It didn’t happen. The Natal forward effort remained strong. They got themselves just enough territory through the efforts of flyhalf Joel Stransky and Reece-Edwards to give them a chance. And then the chance came. Trailing 12-9, Natal ran the ball to the right, with Dick Muir - who else - showing his great ability as a play-maker as he saw the space and played towards it with a pinpoint and snappy pass.

There were a couple of missed tackles on Natal wing Tony Watson but it seemed like it was all happening in slow motion to us Natal supporters as he burst free and went through to score.
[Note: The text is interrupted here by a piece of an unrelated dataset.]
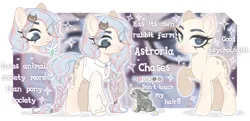 Size: 2142x1035 | Tagged: safe, artist:koribooo, derpibooru import, oc, unofficial characters only, earth pony, pony, rabbit, animal, bald, braid, braided tail, bust, earth pony oc, eyelashes, female, image, mare, png, raised hoof, tail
He was tackled after dotting down, so when the game restarted with Natal leading 15-12, referee Freek Burger made the crucial decision to award the visitors a penalty from the halfway mark.

STRANSKY TURNED A SIX POINTER INTO A NINE POINTER

Stransky stepped up to take it and effectively turned what had been a six-point score into a nine pointer. Natal led 18-12 with just a few minutes left. The Bulls had one last burst, but they were tackled into touch, which was the cue for Burger to blow the final whistle. As he did so, Visagie lifted him up off the ground in celebration. If that happened today, given recent events overseas, the big lock known to everyone as Vleis might have been red carded.

But he wasn’t and lifting people up suddenly became the things that Natalians just do. Jamieson was hoisted high, other players took it in turns to hoist each other in jubilation. I watched the game at the home of a former teacher of mine, Keith Hosken, who played cricket for Natal in the mid-1970s.

THE WHOLE PROVINCE WAS PLASTERED

We were all pretty plastered by the time that final whistle blew, and to be fair I was way too nervous to watch that game sober so it started some time before kick-off, but going outside into the garden there was just a cacophony of noise throughout the Glen Hills valley where Keith lived. For the moment it seemed like the whole province might be drunk.

This was going to be an occasion for Natalians to party long and to party hard, and they did that in style. The ticker tape parade which saw the Natal team parade the trophy through Durban city centre the following week, with players taking it in turns to do down downs from the Cup at the bidding of the cheering throngs, was the first of its type as far as I can recall in South African sport. Certainly, in the modern era.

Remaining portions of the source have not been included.